=== Section Start ===

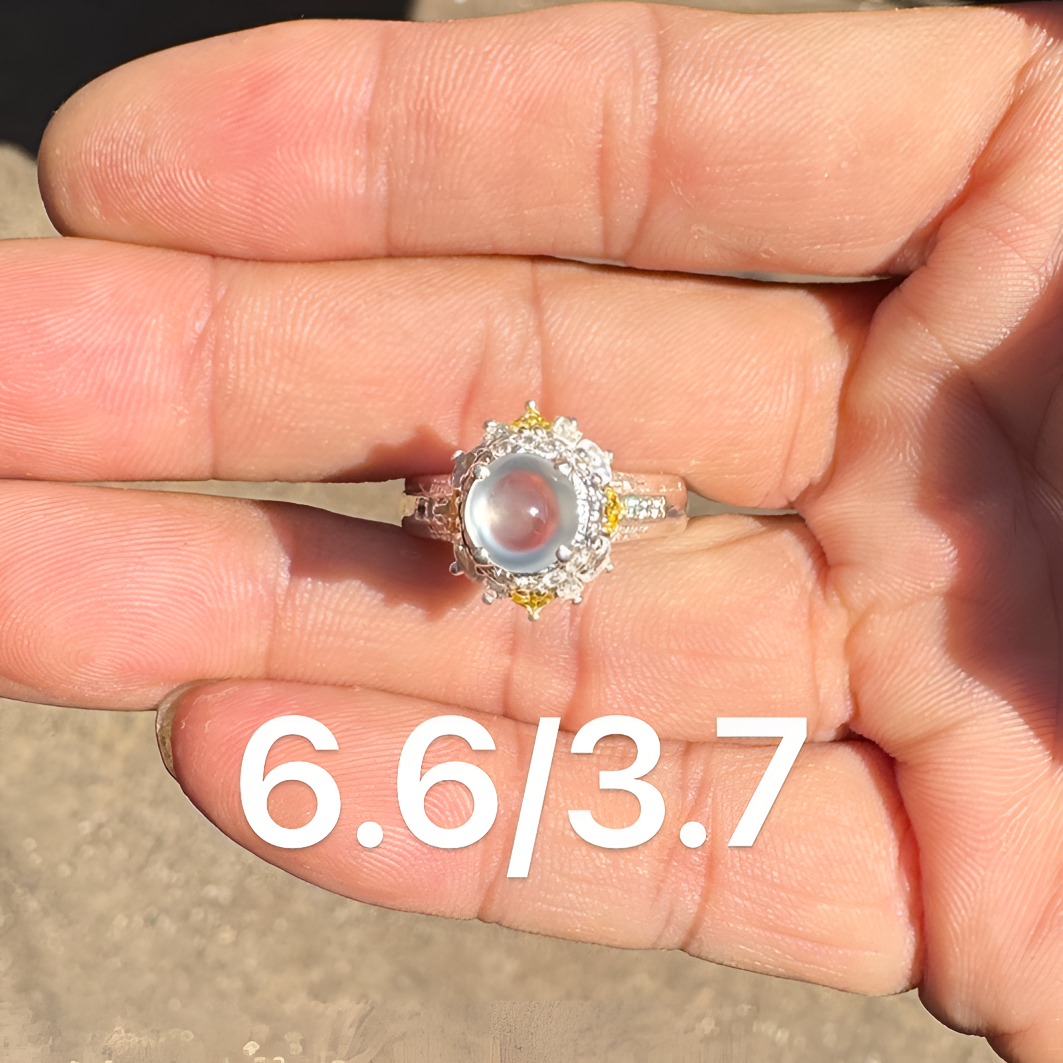 1227(小哪吒在源头)玻璃种翡翠正圆黑钢戒面干净杠味荧光足M100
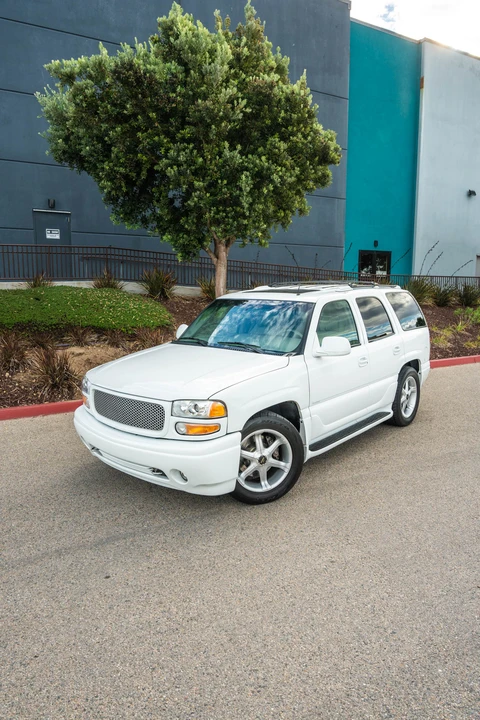 2002 GMC Yukon 2nd Gen - Image 3 of 31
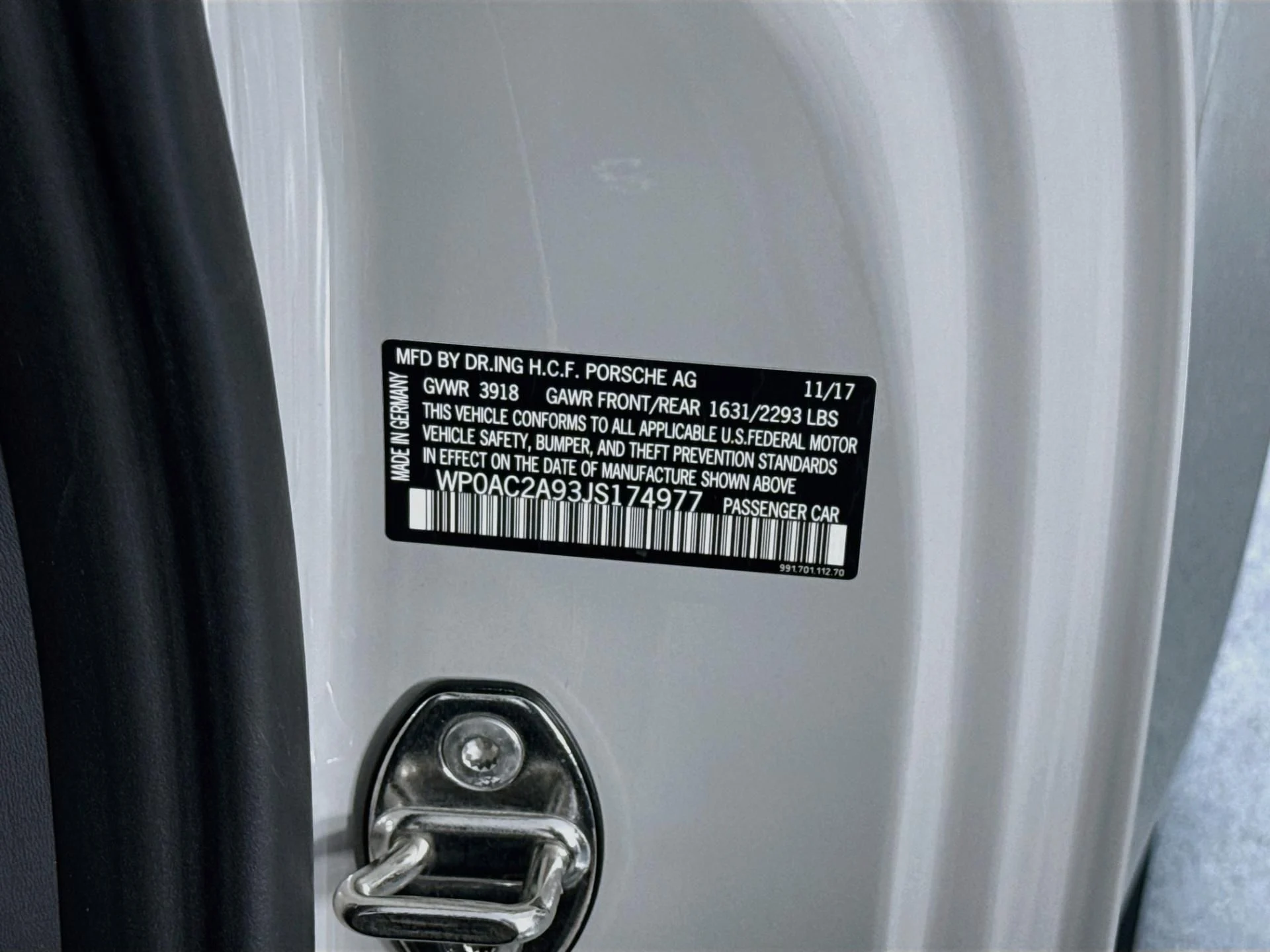 mph030_2689373063_Used_2018_Porsche_911_GT_3_1787596687_81de8164be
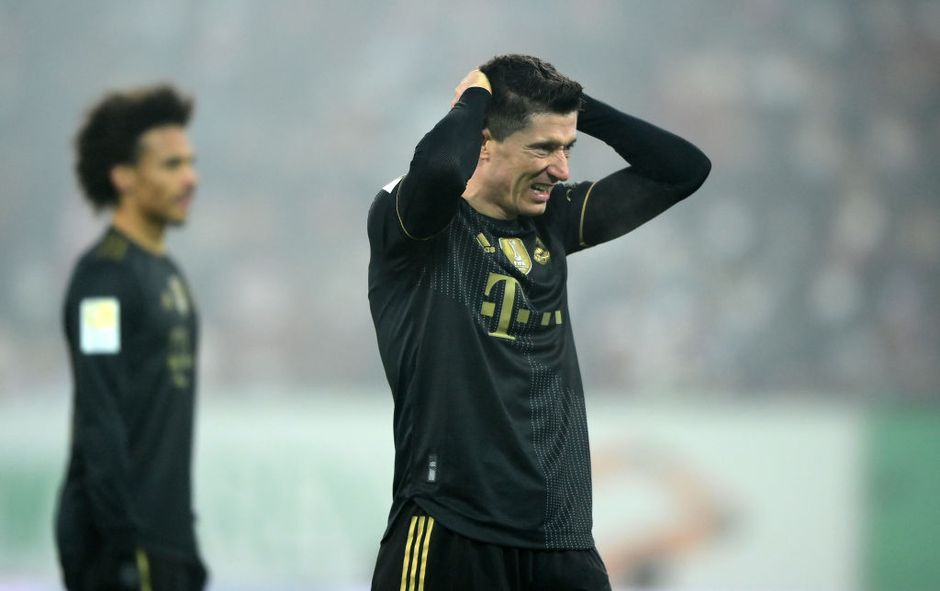 Stunt! Jeffrey Gouweleeuw en FC Augsburg verslaan koploper Bayern München in Bundesliga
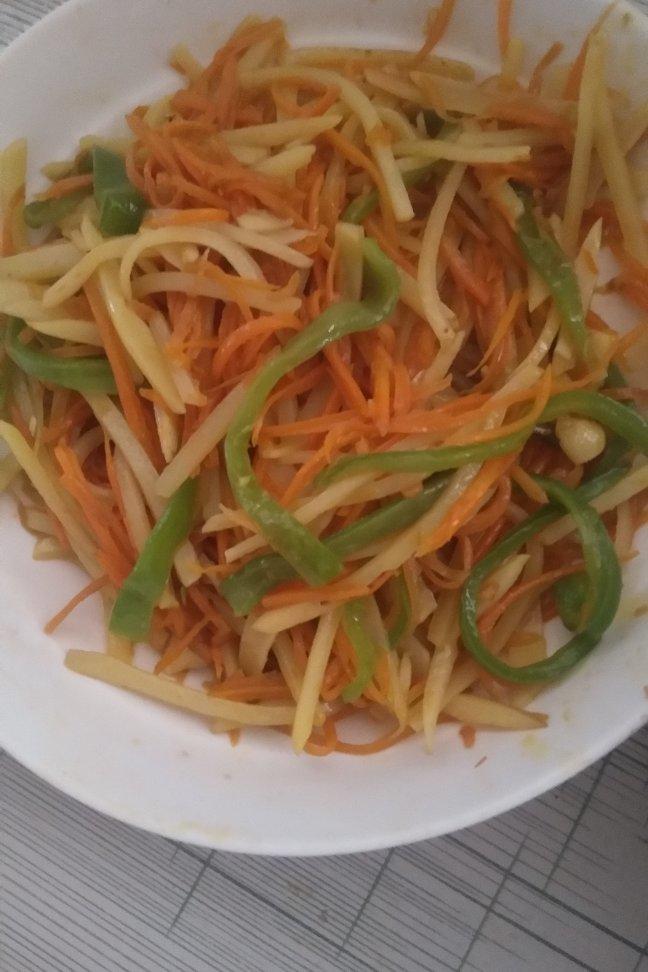 胡萝卜炒鸡蛋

=== Section End ===

*WORK REQUEST:* With the pictures removed, write the listing out word for word.

*ANSWER TO THIS PROBLEM:*
 1227(小哪吒在源头)玻璃种翡翠正圆黑钢戒面干净杠味荧光足M100
 2002 GMC Yukon 2nd Gen - Image 3 of 31
 mph030_2689373063_Used_2018_Porsche_911_GT_3_1787596687_81de8164be
 Stunt! Jeffrey Gouweleeuw en FC Augsburg verslaan koploper Bayern München in Bundesliga
 胡萝卜炒鸡蛋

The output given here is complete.